One of the biggest space events in recent history will take place on August 21. Prepare for the 2017 solar eclipse to see celestial STEM in action!
The last time a total solar eclipse was visible to the continental United States was way back in 1979 – long before you (and some of your teachers) were born! Observing this year’s solar eclipse on August 21 is extremely important for everyone to witness as the moon moves in front of, and completely blocks, the sun and its surrounding area, also known as its corona – but there are a few things to know before viewing this extraordinary event. By learning about the best viewing locations and safety precautions, prepare to see one of STEM’s greatest natural events.
Be Prepared. Be Safe.
It might not seem to be a big deal, but the solar eclipse can be dangerous and you’re going to need a bit more than sunscreen and sunglasses to stay safe. Looking directly at the sun is always risky, but during a solar eclipse, the dangers increase and could result in burned retinas. Special solar eclipse glasses are necessary to safely view the sun during this time and some libraries and organizations, such as eye-wear company Warby Parker, are offering complimentary pairs, while other options are available in stores and online. If glasses are sold out or unavailable, solar viewers, pinhole projectors, and sun funnels can be made at home or in class for little or no cost. These projects can be a lot of fun to work on with parents, siblings, friends, teachers, and classmates, but check with an adult before creating any of these tools.

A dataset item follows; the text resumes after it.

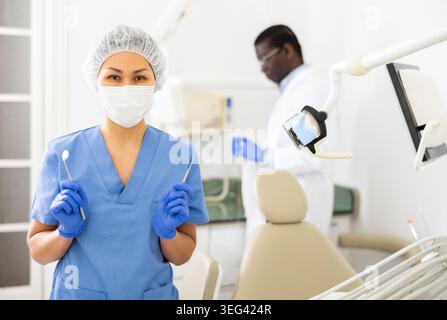 Female dentist standing in dental office with tools in hands Stock Photo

Location, Location, Location
Viewers who are located in the eclipse’s path of totality, which stretches over 14 states from Lincoln Beach, Oregon to Charleston, South Carolina, will be able to see the entire event, says NASA. In addition to Oregon and South Carolina, the total solar eclipse will be visible in areas of Montana, Idaho, Wyoming, Nebraska, Iowa, Kansas, Missouri, Illinois, Kentucky, Tennessee, Georgia, and North Carolina. Outside this zone, a partial solar eclipse will be visible for STEM enthusiasts in regions of North and South America, Africa, and Europe. While the eclipse will last for a few hours, the totality is visible for only minutes.